For a while there has been more buzz about the term "Alpha N". I have seen various descriptions and interpretations of what most believe this is about. Without going into great depths about the technical aspects, I thought about writing a brief description of what it is and the impact it has on the E46 M3.
What is Alpha N?
Alpha N is the term used by the DME manufacturers to describe a mode of operation. Most German vechicles are designed with an Air Flow Sensor (aka MAF) to provide optimal driveability and clean emmissions control. Removing the MAF on most BMWs forces the DME to operate in Alpha N mode. Alpha N mode is not something that an aftermarket tuner has created. Alpha N mode is often regarded as a built-in safety mode for the engine should the MAF fail.
How does Alpha N work?
Most German vehicles DMEs use inputs from 1)Coolant temp sensor 2)Crank sensor 3) MAF and 4) O2 sensors to control the clean and efficient operation of the motor. Should the DME loose one or more of these 4 critical sensors, the car will likely run poorly. If the MAF (a very critical input) were to fail, the Siemens MSS54 DME for the S54 M3 drops into Alpha N mode and uses the throttle position sensor to calculate the Mass of the air entering the combustion chamber. This is also know as "Speed Density Mode" ie get-you-home mode and the Check Engine Light will usually light up. The car may run well for the time being, but the S54 was designed to be run with an MAF for emmission and driveability reasons.

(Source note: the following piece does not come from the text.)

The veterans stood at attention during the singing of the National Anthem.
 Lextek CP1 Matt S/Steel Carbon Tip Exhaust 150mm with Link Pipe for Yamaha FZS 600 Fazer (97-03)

So what is the big deal if I want to pull out my MAF and just let the car run in Alpha N?
There are some consequences such as a check engine light, not as accurate fuel trimming and MAF calculations and increased emissions. Fuel Trimming is a major function of the DMEs fuel management system. It represents the actual addition or subtraction from the actual fuel mixture being setup by the DME.
Removing accurate fuel trimming and allowing fuel trimming to be calculated off the throttle position sensor instead of the MAF can have side effects on driveability characteristics such as throttle response, smooth part throttle and tip-in onto acceleration. In order to achieve factory-like driveability, fuel trimming based off MAF data is essential - which is why BMW use a MAF. Adding forced induction does not make it a neccessity to remove the MAF - just look at all the thousands of non-S54 BMW supercharger kits currently in use that all keep their MAFs and the dozens (close to 50 sold in 3 months) of VF-S54 supercharger owners.
The code in the DME can be deleted so that the check engine light does not come on. The code in the DME can also be changed so that the DME does not use its fuel trimming features etc. However all of the forementioned requires altering emmissions and OBD2 programming characteristics of the DME and this is not taken too well by the authorities if you plan to drive your car on public roads. Additionally and possibly more importantly to the performance enthusiast, the functionality and intelligence of the DME is reduced and limited if sections of code are deleted from the DME.
If you are uncertain about Alpha-N ask your BMW service advisor if they could have a technician explain it to you briefly the next time you are the dealer. Or better still maybe there some BMW techs reading who can chime in :thumbsup:
All in all, the aftermarket FI systems for BMWs are extremly challenging to create if one chooses to retain the original parameters of the car. Running the S54 in Alpha-N may work well in certain circumstances, but VF-Engineering S54 supercharger systems are tuned by GIAC to retain the use of the Bosch MAF sensor
for optimal driveability and for the purpose of becoming emmissions legal.